The engineering of the Mississippi River carries important lessons for Pakistan and the rest of the world. Big dams on the Mississippi’s longest tributary, the Missouri River, have blocked the flow of sediment downstream. The massive dikes and levees along the banks of the Mississippi itself prevented the river from spreading out and depositing silt during flood stages. The end result is the lack of silt for the delta at the mouth of the Mississippi in Louisiana – home of the nation’s greatest wetlands, which are eroding at the rate of two football fields each hour. The loss of these outstanding wetlands means less natural flood protection for New Orleans and other susceptible areas.

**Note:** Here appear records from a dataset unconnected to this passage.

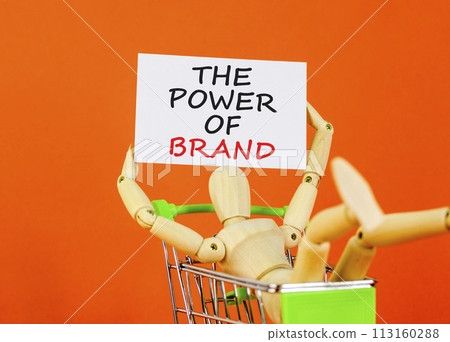 The power of brand symbol. Concept words The power of brand on beautiful white paper. Beautiful orange background. Businessman model. Business the power of brand concept. Copy space. 113160288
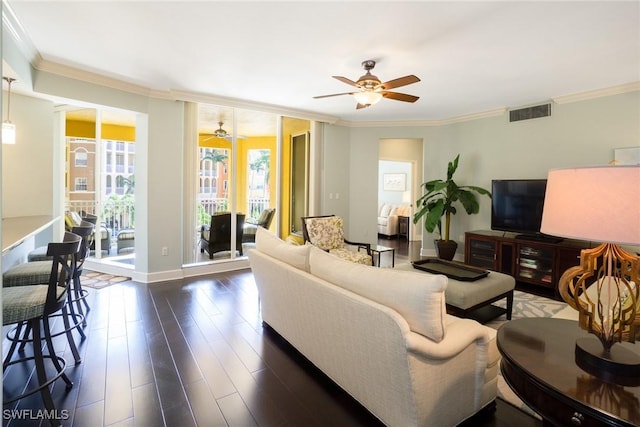 living room with crown molding, visible vents, ceiling fan, and dark wood finished floors
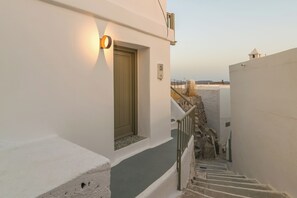 A narrow stairway leading to a door with a light fixture above it. - Astraea Traditional House in Milos Island (Trypiti)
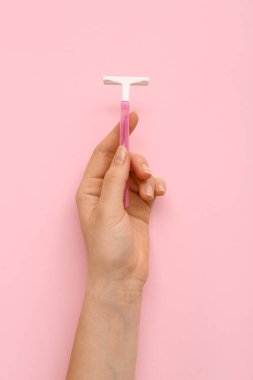 Pembe arka planda güvenlik jileti olan bir kadın el.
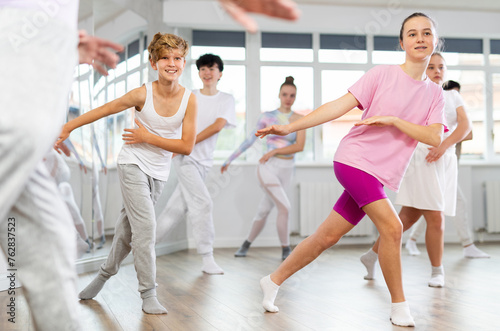 Girl teen performs modern dances repeats movements of unrecognizable teacher together with friends during lesson at choreographic school. Hobbies, active pastime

To move to a healthy steady state economy, civilization must not repeat the engineering mistakes of the 20th century. In Tim Jackson’s Prosperity Without Growth report, the author stresses the need for appropriate infrastructure and maintenance of ecosystems. The problem with the “big dam and levee approach” is that it ruins productive river ecosystems that contain abundant fisheries, bottomland forests, and fertile land. To make the transition to a sustainable economy, scarce financial resources must not be spent on counterproductive infrastructure that traps governments in a worsening spiral of flood relief, damage repair efforts, and environmental degradation.

Throughout most of the 20th century, politicians and the construction lobby disregarded the annual cycles and natural dynamics of rivers and did not care about impacts of giant dams on fisheries and forests. The big dam builders created an unsustainable and highly destructive infrastructure.

A little noticed phenomenon is the dam removal movement in the U.S. Since 1970, communities and governmental agencies have taken down over 500 dams. The cruel irony is that just as the U.S. began to protect rivers and to remove dams that were doing more harm than good, the rest of the world failed to learn from our experience.


Hoover Dam on the Colorado River, where native fish have been almost totally replaced by non-natives.


Captivated by stories of the gigantic Hoover and Grand Coulee hydropower dams, many nations chose to emulate the big dam and levee approach without critically assessing what was and wasn’t working. For example, of the 64 dams built by the Tennessee Valley Authority (TVA), an ex-post analysis showed that only 4 actually produced benefits in excess of costs (see The Myth of the TVA by William U. Chandler).

Massive flooding has also occurred this summer in China despite the Three Gorges Dam, the world’s largest, and the claims that it would control the 1,000-year flood. To “control” flooding, this dam permanently flooded out hundreds of towns and cities, forcing the relocation of over one million people.

If transnational construction companies and river engineers have their way, major rivers around the world will be loaded with dams. The implications for fisheries are devastating as migratory fish passage will be destroyed. For example, on Southeast Asia’s Mekong River, over 3 million fish per hour during migration season pass the spot where a gigantic dam is planned. In Cambodia the large lake Tonle Sap increases six-fold during flood stages on the Mekong. Dams on the river will wreck these centuries-old flood patterns and destroy the fisheries that one million people who live near the lake depend on.

We will never get to a sustainable and prosperous economy if scarce economic resources are spent on wrecking great river basins that provide enormous benefits when they are maintained in a more natural condition. Big dams are the equivalent of putting giant doses of cholesterol in the arteries of planet earth and have no place in the infrastructure for a prosperous steady state economy. So it is time to cease giving foreign aid to the transnational construction industry for more “dam” foolishness.